Ook de piste van de grootouders als spil voor kleinkinderopvang is naar de toekomst moeilijker aan te houden. Net als we werknemers willen stimuleren betreffende de noodzaak van een langere beroepsloopbaan, en terwijl jongere grootouders zelf ook nog zeer actief én steeds vaker nog de zorg dragen voor hun hoogbejaarde ouders (de zogenaamde sandwichgeneratie veroudert mee!).

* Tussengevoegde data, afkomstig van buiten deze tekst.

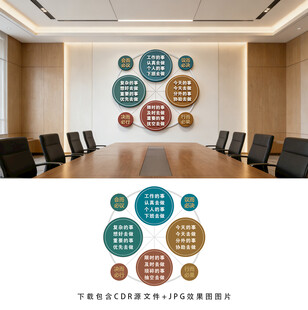 会议室文化墙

Moraal van dit verhaal: Als we ouders meer appelleren naar ‘opvang’ van eigen kinderen, dan is de kans groot dat dit een extra belasting wordt voor de vrouw, de moeder in kwestie. Precair wordt dit zeker in het geval van eenoudergezin waar de moeder hoofd van het gezin is. Als we de positie van vrouwen op de arbeidsmarkt willen versterken of op z’n minst willen behouden, dan blijft het belangrijk een uitgebreid systeem van kinderopvang te voorzien én moet er werk gemaakt worden van e-man-cipatie van zorg voor kinderen. In Scandinavië gebruikt men hiervoor een ‘genderbonus’ (zie verderop).
Daarom lijkt het niet onbelangrijk duidelijk zicht te krijgen op: • •
Het statuut van de vrouwen wiens kinderen terechtkomen in een erkende en gesubsidieerde vorm van kinderopvang. Hoeveel kansarme kinderen gebruikmaken van kinderopvang?

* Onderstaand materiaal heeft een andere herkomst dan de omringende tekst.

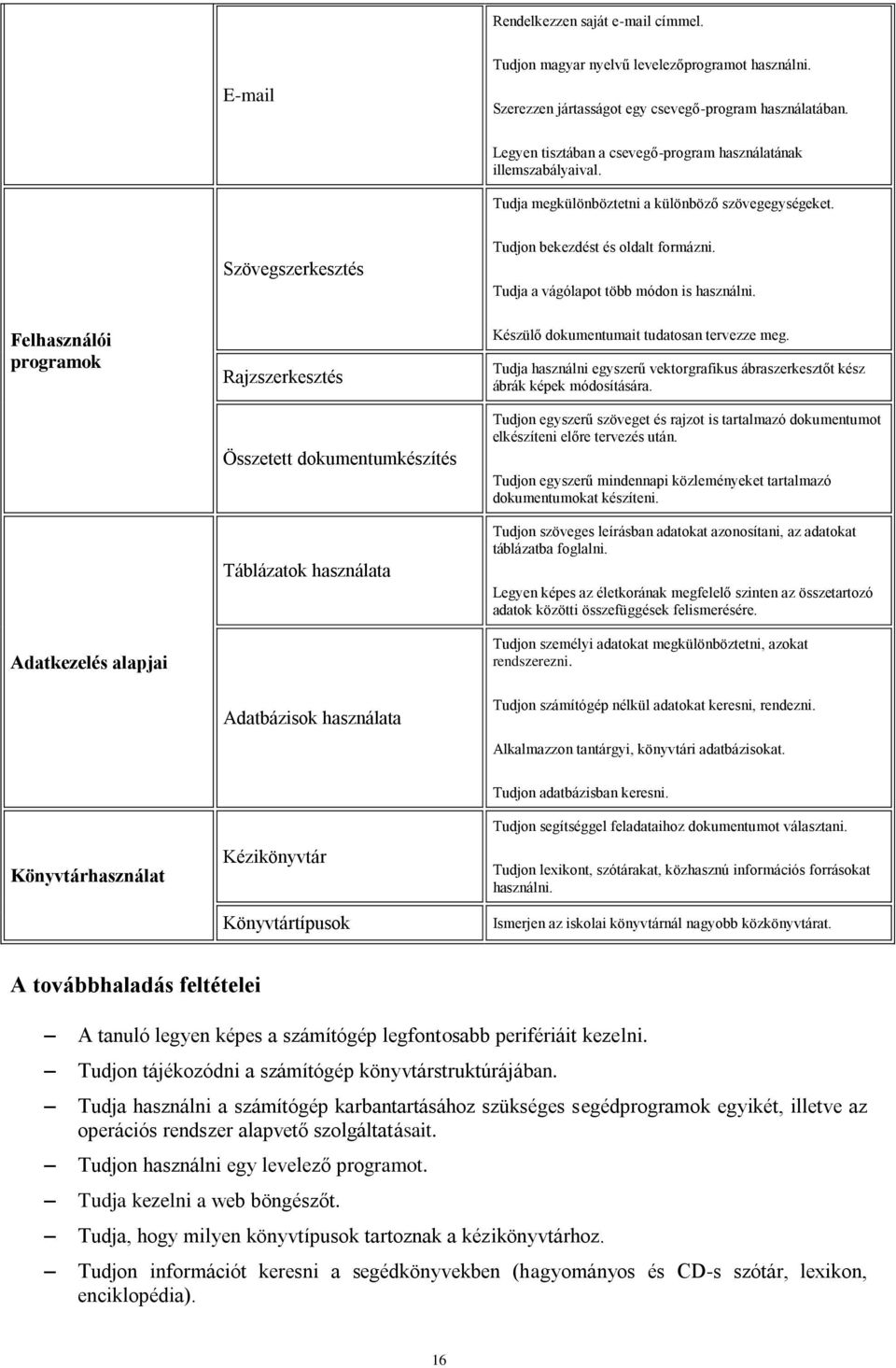 Felhasználói programok Adatkezelés alapjai Szövegszerkesztés Rajzszerkesztés Összetett dokumentumkészítés Táblázatok használata Adatbázisok használata Tudjon bekezdést és oldalt formázni.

Een andere vraag is hoe sterk arbeidsgerelateerd kinderopvang moet zijn. Met andere woorden; krijgen mensen met een actieve loopbaan voorrang of voordelen bij het gebruik van kinderopvang? Daar is iets voor te zeggen, maar wordt de kans tot kinderopvang minder een hefboom tot sociale en maatschappelijke integratie via tewerkstelling, ook en vooral voor mensen uit kansengroepen of mensen die (nog) niet op de reguliere arbeidsmarkt terechtkwamen. In dat kader is er nu nog geen sprake van een voorrangsbeleid: er wordt te veel post-factum gedacht en gewerkt. Er moet een ernstige inhaalbeweging komen wat neerkomt op zo’n 20 à 30% uitbreiding voor deze groep. Zeker in het kader van het komende Europese jaar tegen de Armoede. Ouders nauwer betrekken bij de kinderopvang heeft vast en zeker intrinsieke waarden die ‘onvervangbaar’ zijn. Dit kan ook tav kansengroepen drempelverlagend werken en biedt kansen om opvoedingsversterkend te werken. Hierbij moet de betaalbaarheid uitgangspunt blijven, zonder dat kinderopvang perse gratis moet worden.
Ozonnota/Griet Coppé/ jan.2010
Pagina 4
Maar ouders appelleren op hun ouderlijke verantwoordelijkheid mag er niet toe leiden dat vooral moeders terug moederen, zonder opbouwende sociale rechten en minder kansen op een reguliere tewerkstelling.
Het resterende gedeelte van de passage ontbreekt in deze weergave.